# Task details
Everything from the line containing "2024款床品四套件水洗WZ100770棉毛巾绣床单笠件被套4床上三套学" through the line containing "Fabric roller blind for window Shapes" should be repeated exactly, and nothing else from the data.

# Material shown

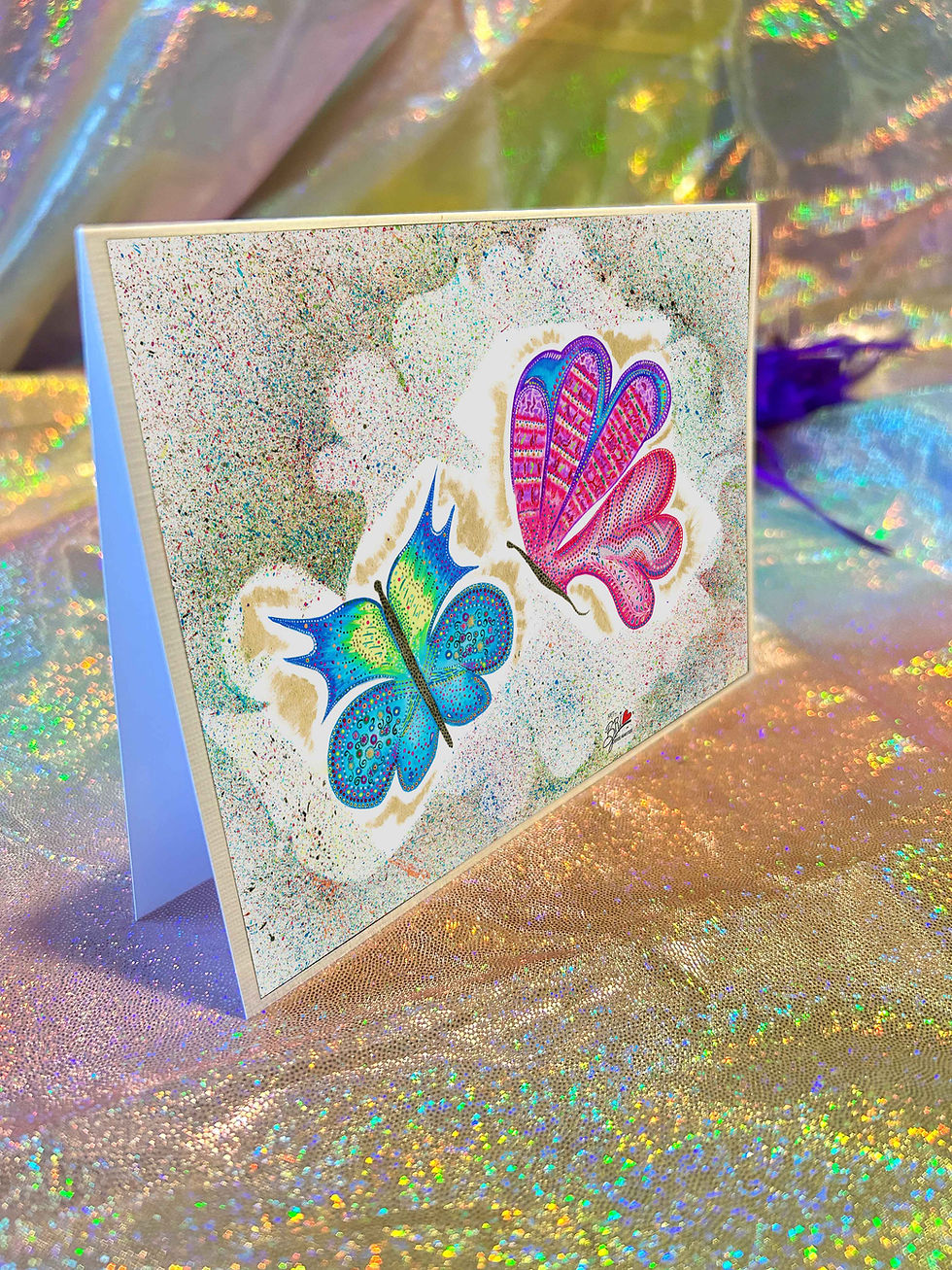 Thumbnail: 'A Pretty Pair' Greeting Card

--

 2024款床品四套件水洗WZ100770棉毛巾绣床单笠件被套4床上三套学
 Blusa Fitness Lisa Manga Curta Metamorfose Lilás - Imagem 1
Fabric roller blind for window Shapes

# Output of the exercise
 2024款床品四套件水洗WZ100770棉毛巾绣床单笠件被套4床上三套学
 Blusa Fitness Lisa Manga Curta Metamorfose Lilás - Imagem 1
Fabric roller blind for window Shapes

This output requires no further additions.